# Q-Step Glossary

**Causation** -- The idea that a change in an independent variable changes the value of a dependent variable.

**Code** -- A set of rules or instructions to tell your computer what you want it to do.

**Computer lab** -- A room offering access to computing resources, where students will learn how to write code in R to analyse data to answer social scientific questions.

**Constant** -- An unknown value that does not vary.

**Correlation** -- A measure of linear association between two variables. Correlation is not the same as causation.

**Data** -- Facts from which conclusions can be drawn.

**Dependent variable** -- The variable whose values are supposed to be explained by changes in the independent variables.

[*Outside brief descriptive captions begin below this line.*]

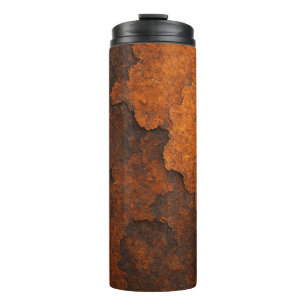 Garrafa Térmica Design de metal de apoio da curva de textura em fe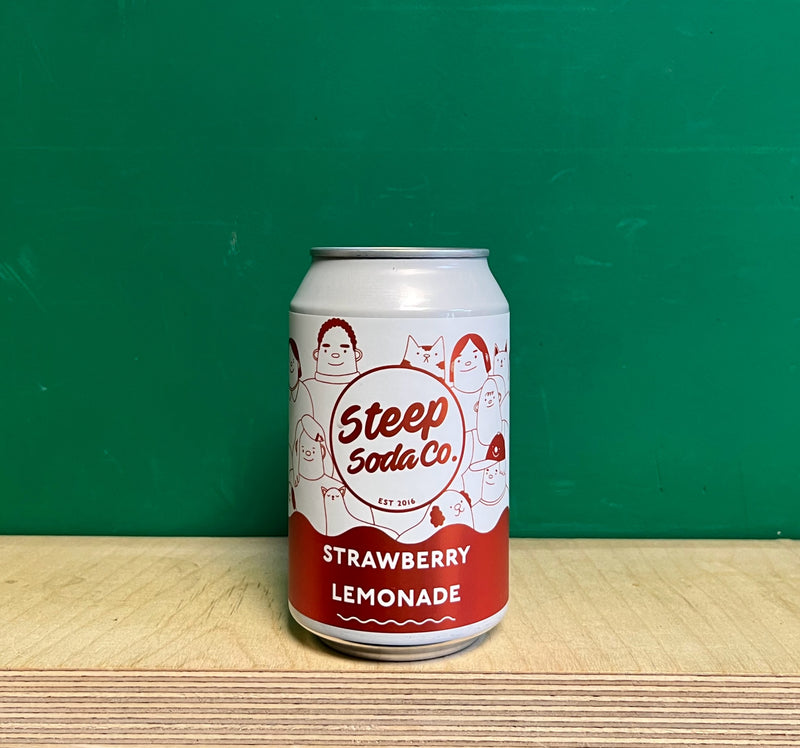 Steep Soda Co Strawberry Lemonade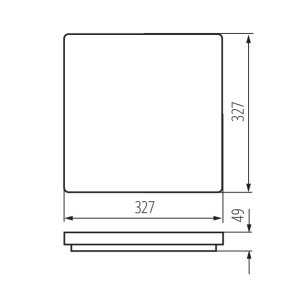 https://design-led.fr/it/ Lampada a soffitto LED VARSO 327 x 327 24W 4000K 46,50 € 39,53 € 26447
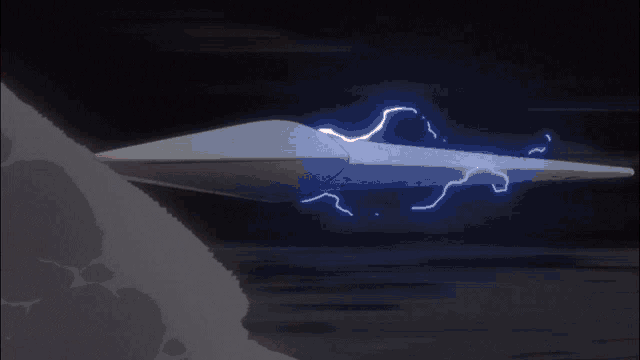 a red lightning bolt strikes a person 's face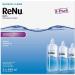 ReNu Multi-Purpose Contact Lens Solution 3 x 240ml - Soft Contact Lenses for Comfortable Wear - Gentle on Sensitive Eyes - Clean Disinfect Rinse Lubricate and Store your Lens - Lens Case Included 240 ml (Pack of 3) - Buy Online on GoSupps.com
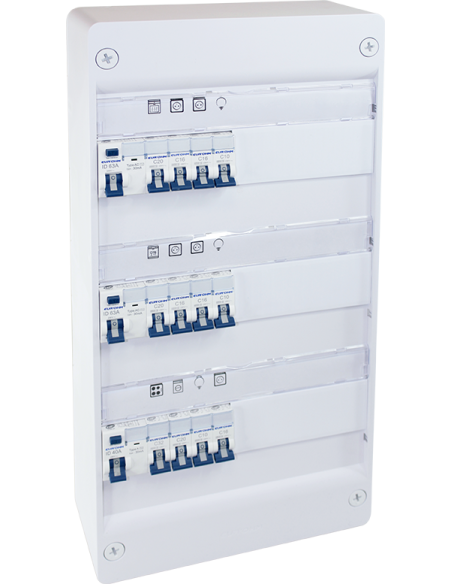 Tableau Électrique monté-câblé - Prêt à poser pour Logement T3 ou T4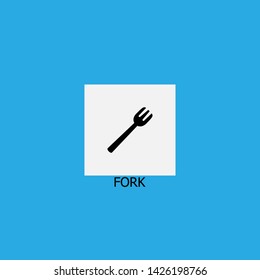 fork icon sign signifier vector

**Error **-- The difference between between an observed and predicted value of the dependent variable.

**Estimator** -- A rule for calculating an estimate of a parameter. For instance, OLS is an estimator for the regression coefficients.

**Independent variable** -- The variable that is supposed to explain changes in the dependent variable.

**Linear regression mode**l -- A statistical model that represents a continuous dependent variable as a linear function of the parameters (regression coefficients) and the independent variables plus an error term that follows a normal distribution. The regression coefficients are usually estimated via OLS. For instance, one might say that income depends on education plus chance events. Expressed as a linear regression model this would mean that income = a + b*education + e, where a is a constant, b is the regression coefficient of Education, and e is the error term.

**Model (statistical)** -- An idealised representation of the process that generated the the values of the dependent variable.

**Normal distribution** -- A symmetric, bell-shaped distribution.

**OLS (ordinary least squares)** -- An estimator that minimises the sum of squared errors.

**Parameter** -- An unknown quantity such as the population mean.

**R** -- A free software environment for statistical computing and graphics.

**Regression coefficient** -- An estimate of how much a one-unit increase in the independent variable is associated with changes in the dependent variable.

**Statistical distribution** -- A function showing all possible values of the variable and their relative frequency.

**Unit **-- A member of a population. For instance, a voter (unit) is a member of the electorate (population).

**Variable** -- A numerical value that can differ across units. For instance, voter's age (variable) can be 18 years, 19 years, and so on.